## Exercise
Print the lines below exactly as written, with none missing.

*** Opening of Available data ***

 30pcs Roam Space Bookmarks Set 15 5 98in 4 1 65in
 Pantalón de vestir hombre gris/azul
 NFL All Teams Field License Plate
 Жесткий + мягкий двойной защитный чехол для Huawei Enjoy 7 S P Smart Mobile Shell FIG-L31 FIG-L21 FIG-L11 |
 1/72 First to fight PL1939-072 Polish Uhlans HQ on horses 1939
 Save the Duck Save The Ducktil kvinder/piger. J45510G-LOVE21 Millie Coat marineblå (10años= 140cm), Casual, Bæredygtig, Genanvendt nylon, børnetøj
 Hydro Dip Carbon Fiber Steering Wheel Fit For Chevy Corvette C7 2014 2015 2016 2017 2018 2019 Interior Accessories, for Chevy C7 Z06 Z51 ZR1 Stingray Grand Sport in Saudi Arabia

*** Close of Available data ***

## Result below
 30pcs Roam Space Bookmarks Set 15 5 98in 4 1 65in
 Pantalón de vestir hombre gris/azul
 NFL All Teams Field License Plate
 Жесткий + мягкий двойной защитный чехол для Huawei Enjoy 7 S P Smart Mobile Shell FIG-L31 FIG-L21 FIG-L11 |
 1/72 First to fight PL1939-072 Polish Uhlans HQ on horses 1939
 Save the Duck Save The Ducktil kvinder/piger. J45510G-LOVE21 Millie Coat marineblå (10años= 140cm), Casual, Bæredygtig, Genanvendt nylon, børnetøj
 Hydro Dip Carbon Fiber Steering Wheel Fit For Chevy Corvette C7 2014 2015 2016 2017 2018 2019 Interior Accessories, for Chevy C7 Z06 Z51 ZR1 Stingray Grand Sport in Saudi Arabia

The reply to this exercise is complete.